Located in the delta of the Senegal River, near Senegal's border with Mauritania, Djoudj covers some 16,000 ha of river channels, backwaters, streams, ponds and a large lake (which covers about a quarter of the sanctuary). In addition, the waters also hold populations of crocodile and African manatee, and the forests and grasslands hold species typical of the Sahelian zone of Africa.

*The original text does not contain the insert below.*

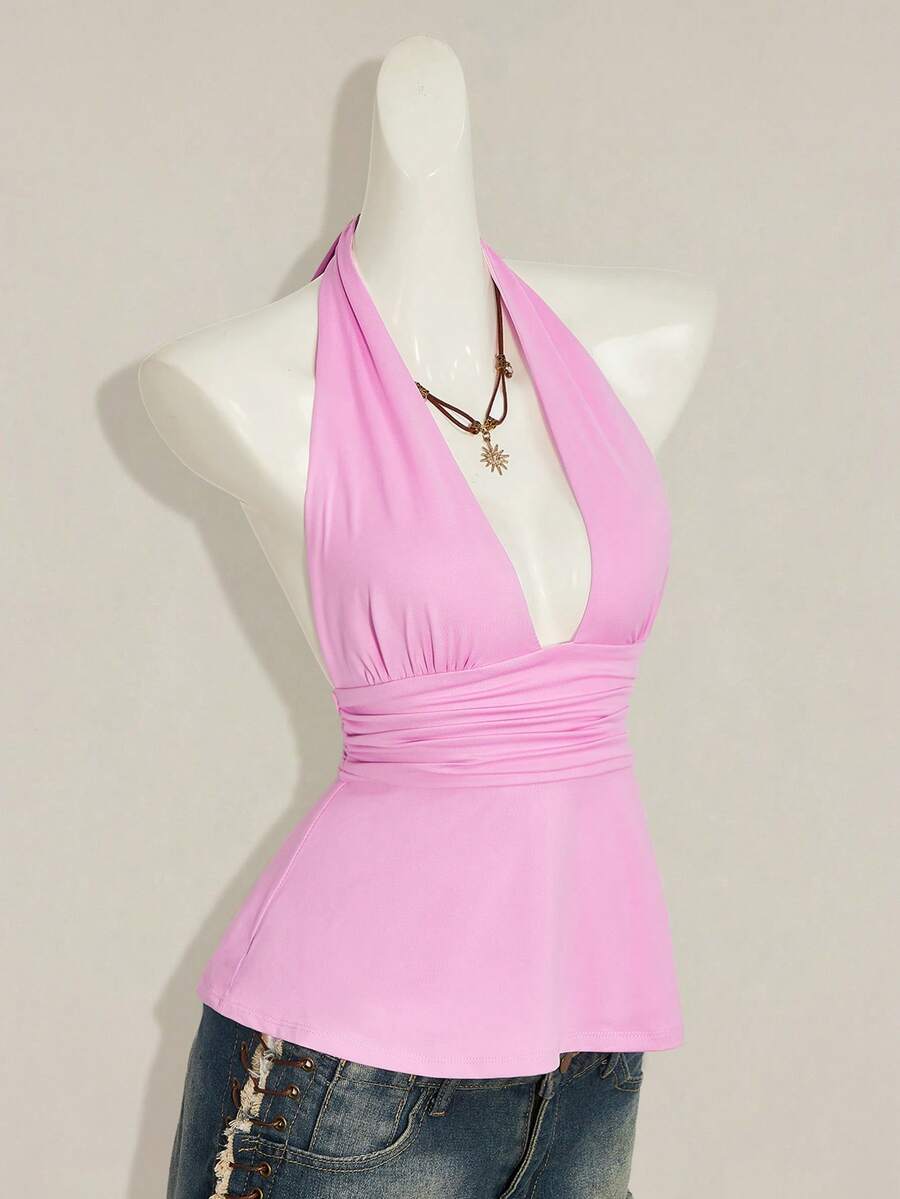 Women's backless halter babydoll tank top featuring a square neckline, slim fit silhouette, and a flared ruffle hem.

The park is in a vast basin of impermeable halomorphic soils forming saline flats in the Senegal River Delta between the main channel to the north, the Djoudj bayou and the Gorom, or bayou to the south. This delta, of which Djoudj is a small part, has been subject to flooding and to the development of dyke systems for many years, the latest in 1963. These dykes have allowed the retention of fresh water in the Djoudj basin longer than normal, which benefits the water birds. Salinity varies, from almost fresh during the winter inundations to brackish as the water levels fall.
Vegetation reflects low rainfall. The Sahelien type savannah is dominated by spiny bushes, acacias, tamarisk and Balanites aegvptiaca . During the rains, dense populations of Typha and water-lily species appear in the flooded zones. Halophytic plants cover much of the area.

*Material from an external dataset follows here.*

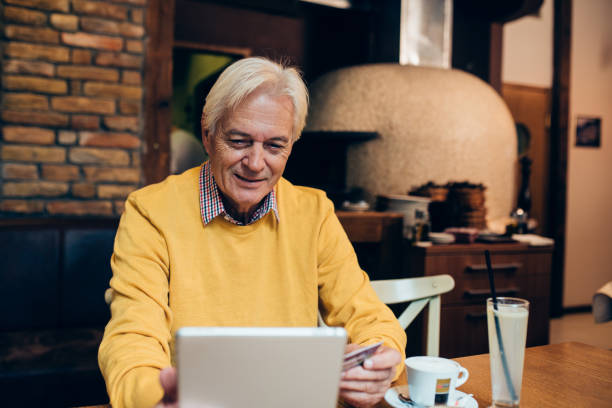 istock Mature man shopping online from the cafe 1182925000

The park was mainly established as the area is so important for birds, supporting 3 million waterfowl, and is one of the main West African sanctuaries for Palaearctic migrants. It is one of the first fresh water sources they reach after crossing 200 km of the Sahara. From September to April, an estimated 3 million migrants pass through, including garganey, shoveler, ruff, pintail and black-tailed godwit. Thousands of flamingo nest here regularly as well as 5,000 white pelican, white-faced tree duck, fulvus tree duck, spur-winged goose, purple heron, night heron, various egrets, spoonbill, African darter, common cormorant and Sudan bustard. Mammals include warthog and West African manatee, and several species of crocodile and gazelle have been successfully reintroduced into the area.

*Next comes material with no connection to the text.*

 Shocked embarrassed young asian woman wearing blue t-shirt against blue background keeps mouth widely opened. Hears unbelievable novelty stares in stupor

But this wildlife haven is threatened from many sides. Agricultural chemicals are finding their way into the once-pristine waters of the Senegal River thus disturbing delicate links in the food chain, and a dam is being built which will disturb the annual wet-dry cycles that have brought life to Djoudj. A study sponsored by the World Heritage Committee has reported on the measures required to ameliorate the effects of the dam through an inexpensive series of dikes and sluice-gates and a carefully timed release of the life-bringing waters. It is hoped that the World Heritage status of Djoudj will help convince the government of Senegal to take the necessary measures.